[TASK ITEM] Please return only the lines from the one with "Samsara Riccione, ultimi giorni in spiaggia" through the final line of the data, unchanged, with pictures omitted.

[AVAILABLE DATA]
============
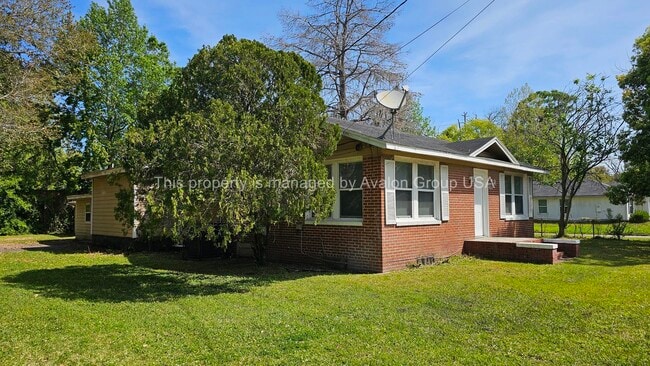 Building Photo - 2701 Lowell Ave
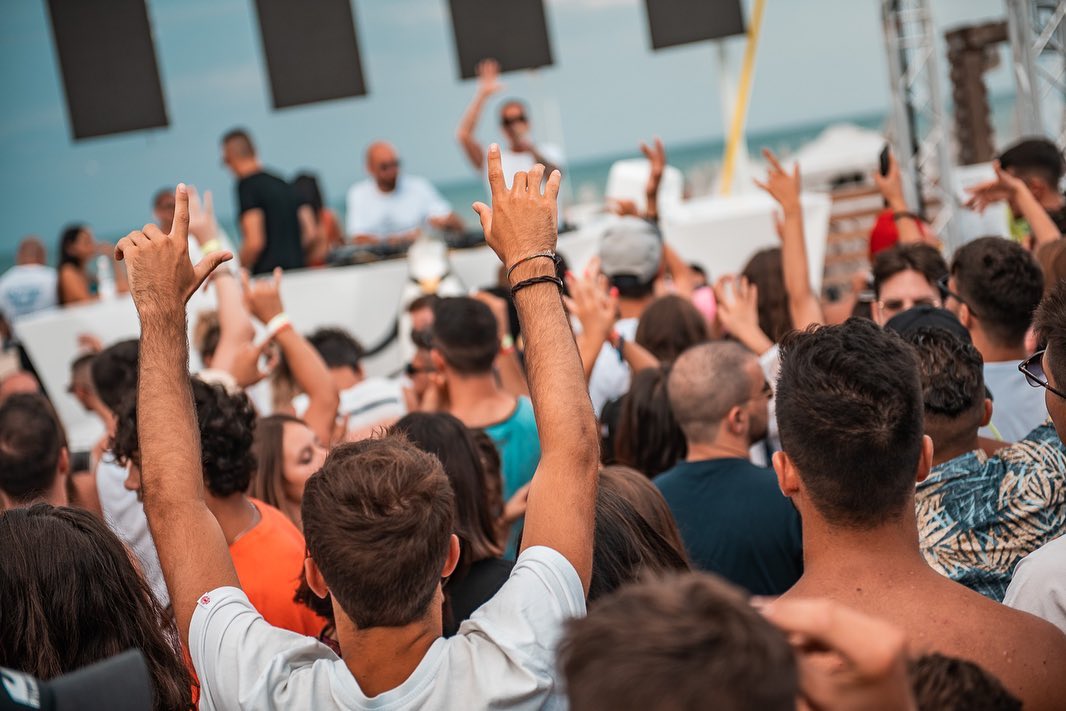 Samsara Riccione, ultimi giorni in spiaggia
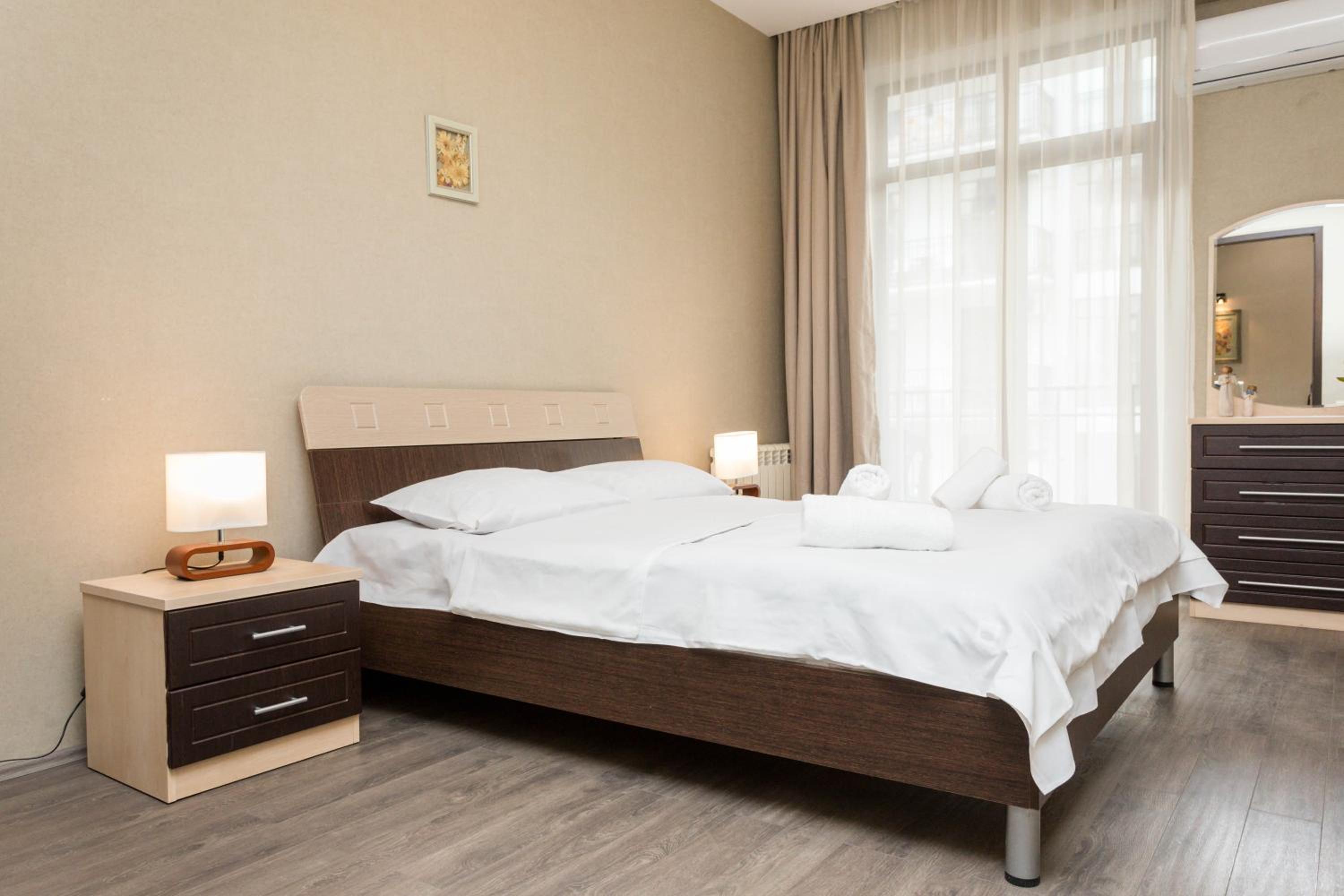 Central Pointe Suite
============
[RESULT]
 Samsara Riccione, ultimi giorni in spiaggia
 Central Pointe Suite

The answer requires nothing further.